West Kordofan is considered Sudan’s number one oil state as it includes most of the country’s producing oil fields such as Heglig, Difra, Kanar, Balila, Neem, and El Barasaya. The main oil fields in East Darfur consist of Zarga Um Hadid, Jid El Sayed, and Abu Sufyan.
Improvements demanded at the time included protection of the environment, provision of safety, development of services and roads, and increased employment opportunities.
Environmental experts and MPs have pointed more than once to health hazards threatening the people who are living close to the oil fields.
In 2019, an investigation by InfoNile into the oil industry in West Kordofan documented increased droughts and health conditions affecting people and animals exposed to oil contamination in the air, on the roads, and in local waterways.
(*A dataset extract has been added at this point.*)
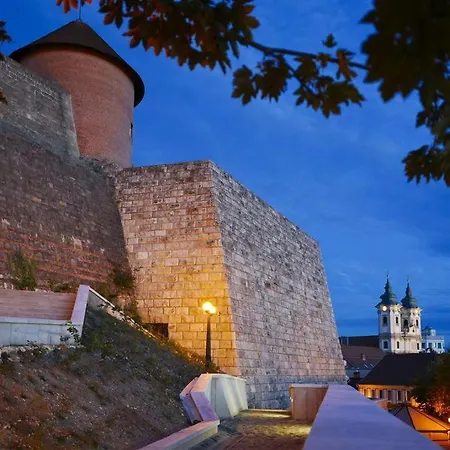 Borostyan Vendeghaz Eger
According to International Crisis Group, “despite accruing billions of dollars in oil revenues, (former President Omar Al) Bashir’s government failed to invest in Sudan’s mostly agrarian and pastoralist economy, instead pouring money into the bloated security sector and bureaucracy and in the process racking up an international debt burden that is today valued at roughly $60 billion. With the secession of South Sudan in 2011, Khartoum lost a vital source of oil revenue, paving the way for an inflationary spiral and economic crunch that led to the 2018 mass urban protests that snowballed a year later into a revolution.”
On September 25, Sudan and South Sudan signed a draft agreement to develop oil cooperation between the two countries.